EXERCISE DIRECTIONS
For this exercise, reproduce each entry below exactly, excluding pictures.

Stored entries:

******************************

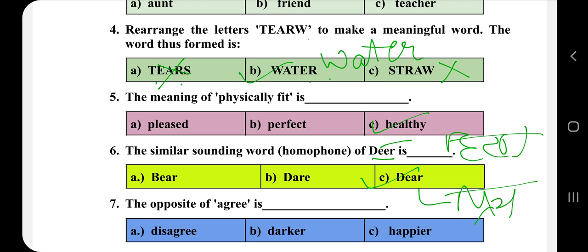The opposite word of 'agree' is — 'agree' matlab sahmat hona. Aur 'agree' ka opposite kaise banayenge? 'Disagree' — dis laga kar. So the answer is disagree.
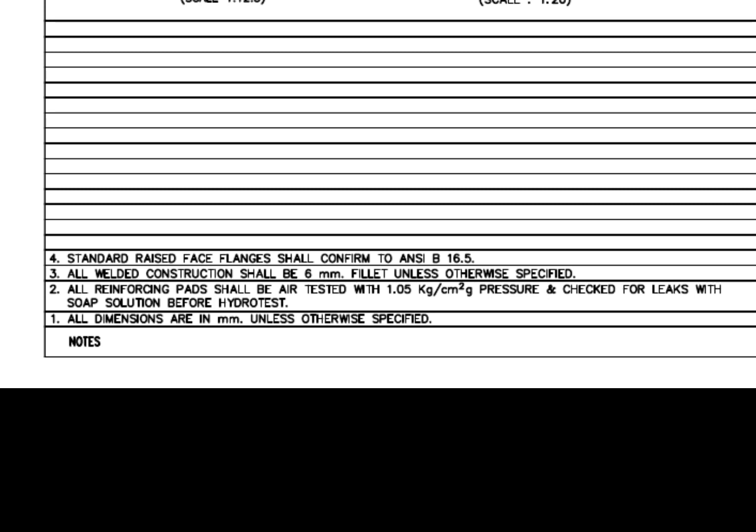Standard raised face flanges shall conform to ANSI B 16.5. Before starting the work, you must read and make sure you clearly understand these notes. This is very important.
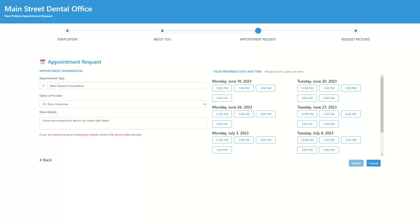The patient is then presented with a list of openings based on the schedule set by your practice and openings during that time. The patient selects an opening to request an appointment.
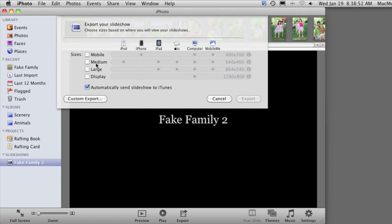Now you have several choices here — you get to choose the size. Let's choose Medium just as an example. You also want to look for this 'Automatically Send Slideshow to iTunes' option — you probably don't want to use that since you are going to be exporting a file to email. It's not like you want to add this to your iTunes collection. You can select the Custom Export options if you don't want to use one of these sizes, and you can also choose all sorts of different video formats.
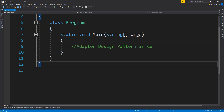We'll code the Adapter pattern in C#. This is a console application created in Visual Studio 2017. The example involves a video cable that converts video from one format to another — a graphics card outputting VGA format connected to a monitor that only accepts DVI input, requiring an adapter cable to convert from VGA to DVI.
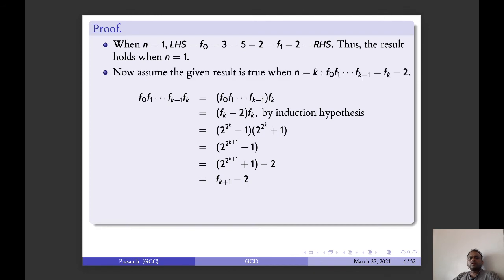Now assume the result is true when n equals k: F_0 · F_1 · ... · F_{k-1} equals F_k minus 2. Then F_0 · F_1 · ... · F_{k-1} · F_k equals (F_k minus 2) · F_k by the induction hypothesis, which equals (2^{2^k} - 1)(2^{2^k} + 1), giving 2^{2^{k+1}} minus 1, that is F_{k+1} minus 2.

******************************

EXERCISE SOLUTION
The opposite word of 'agree' is — 'agree' matlab sahmat hona. Aur 'agree' ka opposite kaise banayenge? 'Disagree' — dis laga kar. So the answer is disagree.
Standard raised face flanges shall conform to ANSI B 16.5. Before starting the work, you must read and make sure you clearly understand these notes. This is very important.
The patient is then presented with a list of openings based on the schedule set by your practice and openings during that time. The patient selects an opening to request an appointment.
Now you have several choices here — you get to choose the size. Let's choose Medium just as an example. You also want to look for this 'Automatically Send Slideshow to iTunes' option — you probably don't want to use that since you are going to be exporting a file to email. It's not like you want to add this to your iTunes collection. You can select the Custom Export options if you don't want to use one of these sizes, and you can also choose all sorts of different video formats.
We'll code the Adapter pattern in C#. This is a console application created in Visual Studio 2017. The example involves a video cable that converts video from one format to another — a graphics card outputting VGA format connected to a monitor that only accepts DVI input, requiring an adapter cable to convert from VGA to DVI.
Now assume the result is true when n equals k: F_0 · F_1 · ... · F_{k-1} equals F_k minus 2. Then F_0 · F_1 · ... · F_{k-1} · F_k equals (F_k minus 2) · F_k by the induction hypothesis, which equals (2^{2^k} - 1)(2^{2^k} + 1), giving 2^{2^{k+1}} minus 1, that is F_{k+1} minus 2.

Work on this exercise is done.